Nos últimos seis anos, uma equipa de historiadores centrada na NOVA FCSH fez a identificação iconográfica de quase 150 edifícios e equipamentos presentes no “Grande Panorama de Lisboa”, executado em finais do século XVII. São várias as histórias agora reveladas por este painel de azulejos, com 23 metros de comprimento, mas a maior continua à vista de todos.

“Se calhar, o maior segredo é justamente o de existirem ainda muitas marcas da Lisboa anterior a 1755”, revela Pedro Flor, investigador do Instituto de História da Arte da NOVA FCSH e coordenador do projeto “Lisboa em Azulejo”. Ao contrário do que diz muita da bibliografia sobre a cidade, nem tudo desapareceu no terramoto de 1755, salienta. “É certo que a parte relativa à Baixa foi a mais afetada, mas o restante da urbe e as zonas limítrofes resistiram ao cataclismo. O mesmo sucedeu com o Bairro Alto, Santa Catarina, Santos-o-Velho e Junqueira, no lado ocidental; Santa Engrácia e Xabregas, no lado oriental.”

Esta investigação veio provar isso e o resultado confirma-se no website “Lisboa em Azulejo antes do Terramoto de 1755”. São quase 150 edifícios e equipamentos de arquitetura civil, religiosa ou militar que se encontram “georreferenciados” na reprodução virtual do Grande Panorama de Lisboa, patente no Museu Nacional do Azulejo, em Lisboa.

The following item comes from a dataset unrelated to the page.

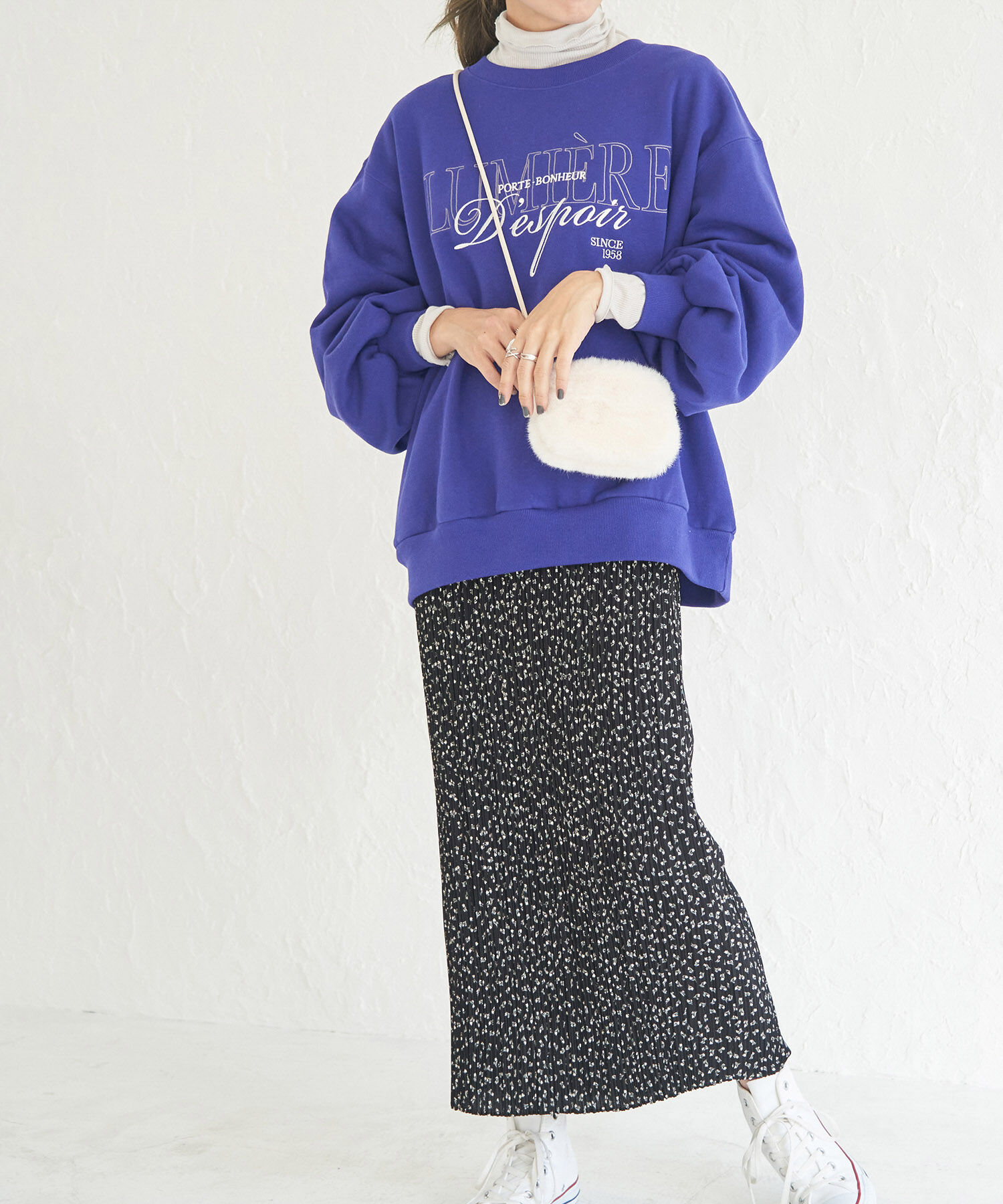 ROPE' PICNIC R「アソートプリーツスカート」|スカート|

Através do website, o utilizador pode clicar em cada ponto de interesse georreferenciado e aceder à sua história. O Convento de Santa Maria de Jesus, em Xabregas, ficou muito danificado com o terramoto, mas sobreviveu e é hoje a sede do Instituto de Emprego e Formação Profissional. O próprio edifício que acolhe o Museu Nacional do Azulejo foi em tempos o Convento de Madre Deus, fundado pela Rainha D. Leonor.

Outros equipamentos já não existem, mas ficam as suas histórias, como a do Baluarte da Porta do Pó, uma fortificação que se situava na zona da praia da Boavista. Esta é, aliás, segundo Pedro Flor, uma das zonas mais corretamente representadas no painel, talvez porque Gabriel del Barco, autor do painel, nela morou.

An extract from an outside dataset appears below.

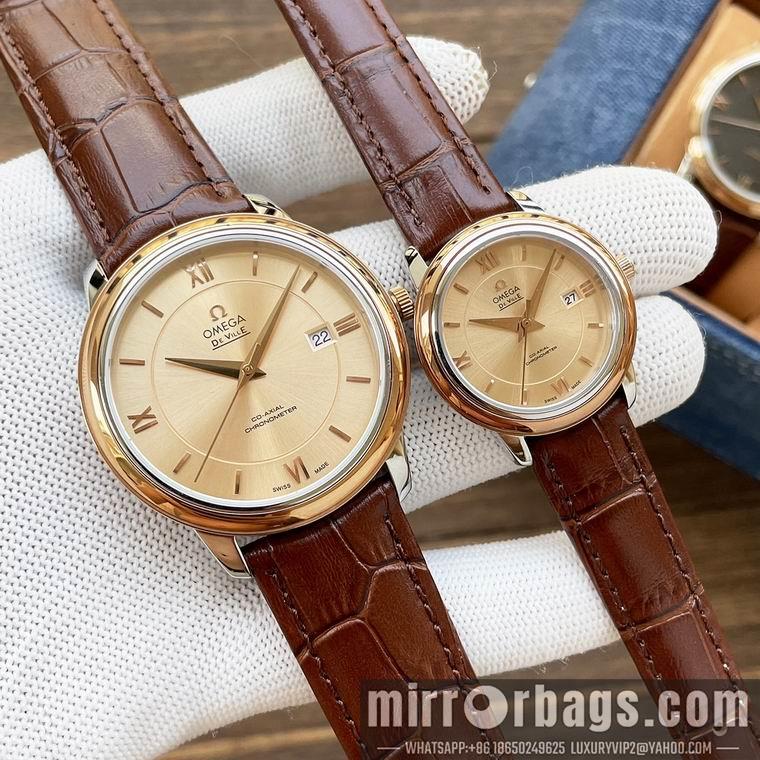 Omega men 40X8mm women 30X8mm M74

A atribuição autoral deste painel de azulejos a este pintor espanhol, muitas vezes questionada, também é reforçada nesta investigação. “Os resultados laboratoriais, assegurados por investigadoras da Faculdade de Ciências e do Instituto Superior Técnico da Universidade de Lisboa, demonstraram uma afinidade impressionante entre a composição mineralógica do ‘Grande Panorama de Lisboa’ e outras peças procedentes da oficina de Gabriel del Barco que se encontram assinadas”, explica Pedro Flor.

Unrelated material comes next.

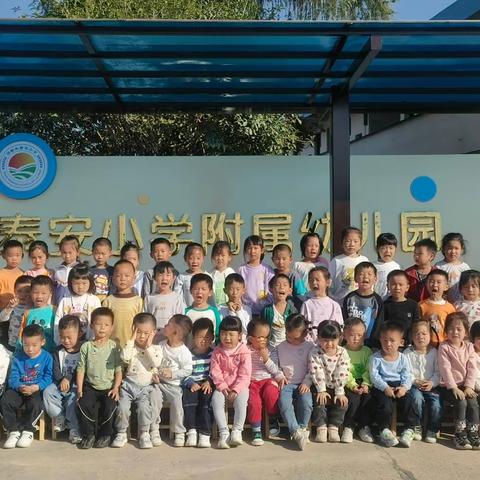 泰安小学附属幼儿园第一届“泰安杯”户外体育节精彩剪影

O investigador salienta ainda que os finais do século XVII, data de execução deste painel, marcam o abandono da policromia e declaram o início da aplicação do azul e branco, por influência holandesa. Essa tendência levaria a dois grandes momentos da azulejaria nacional no século XVIII: o “Ciclo dos Mestres”, até 1730, e a “Grande Produção Joanina”, entre 1730 e 1750. Gabriel del Barco descobre ainda no século XVII o “sentido gráfico e teatral da azulejaria, através do uso magistral do traço em cambiantes de azul que alternam planos, volumes e figuras”.

O painel azulejar “Grande Panorama de Lisboa” é considerado um dos mais importantes registos iconográficos e históricos da cidade antes de esta ser atingida pelo terramoto de 1 de novembro de 1755. A própria história deste painel, que chegou a estar encaixotado na Academia de Belas Artes, foi reconstruída por Hugo Xavier, também investigador da NOVA FCSH.

O projeto “Lisboa em Azulejo antes do Terramoto de 1755” nasceu no Instituto de História da Arte da NOVA FCSH. Do grupo de investigação dedicado aos Estudos de Lisboa já saíram outros, como “A Casa Senhorial entre Lisboa, Rio de Janeiro e Goa (séculos XVII/XIX) – Anatomia dos Interiores” ou “LX-Conventos – Da cidade sacra à cidade laica”.

A equipa base deste projeto incluía 12 membros de vários centros de investigação, mas rapidamente cresceu. No final reunia mais de trinta pessoas, fora a centena de colaboradores, entre os quais José Meco, historiador de artes decorativas. O projeto contou com o apoio da Câmara Municipal de Lisboa, Museu de Lisboa, Fundação Calouste Gulbenkian entre outros equipamentos portugueses.